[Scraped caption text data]
——
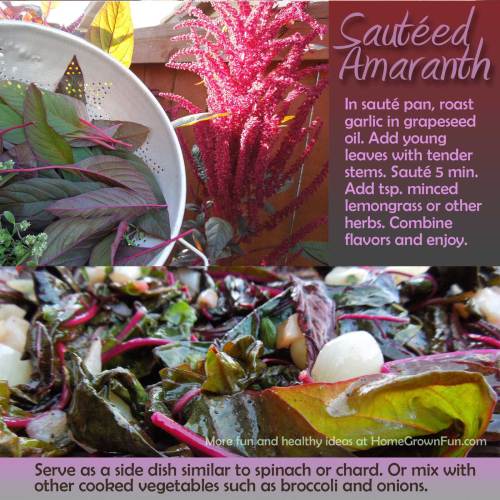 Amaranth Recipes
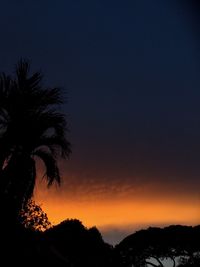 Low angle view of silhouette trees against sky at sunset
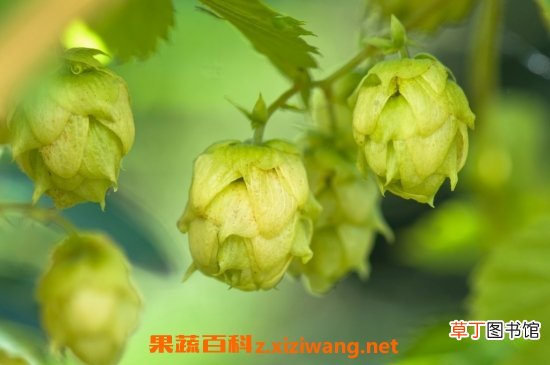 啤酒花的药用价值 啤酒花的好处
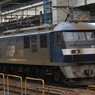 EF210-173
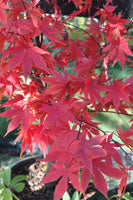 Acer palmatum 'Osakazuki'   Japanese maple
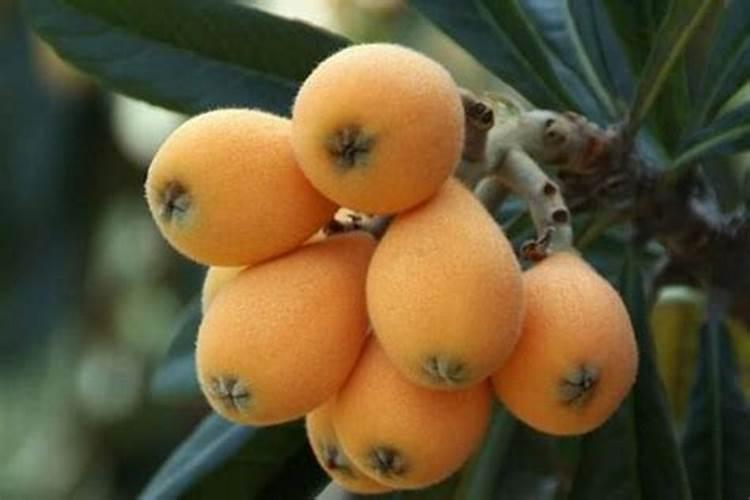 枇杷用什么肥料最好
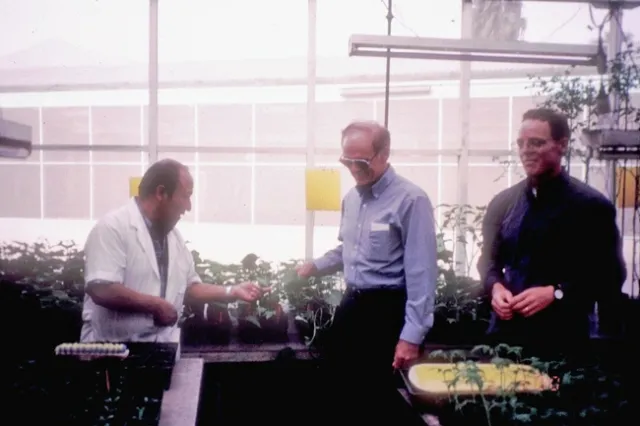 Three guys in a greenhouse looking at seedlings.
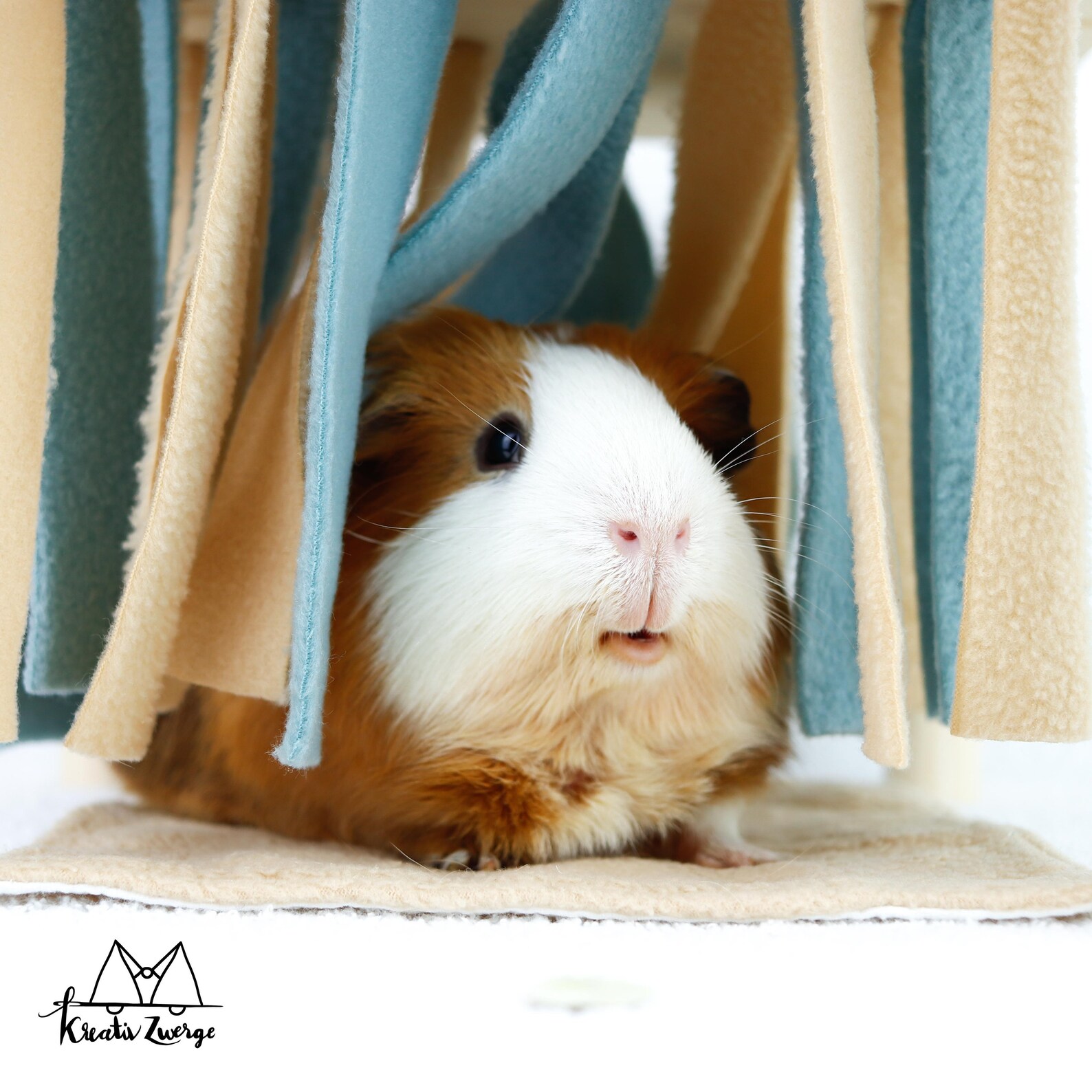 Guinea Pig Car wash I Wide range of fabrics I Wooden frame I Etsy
——
• _Problem details_
In the copy, each entry above must match exactly, and no picture may be carried over.

• _The answer_
 Amaranth Recipes
 Low angle view of silhouette trees against sky at sunset
 啤酒花的药用价值 啤酒花的好处
 EF210-173
 Acer palmatum 'Osakazuki'   Japanese maple
 枇杷用什么肥料最好
 Three guys in a greenhouse looking at seedlings.
 Guinea Pig Car wash I Wide range of fabrics I Wooden frame I Etsy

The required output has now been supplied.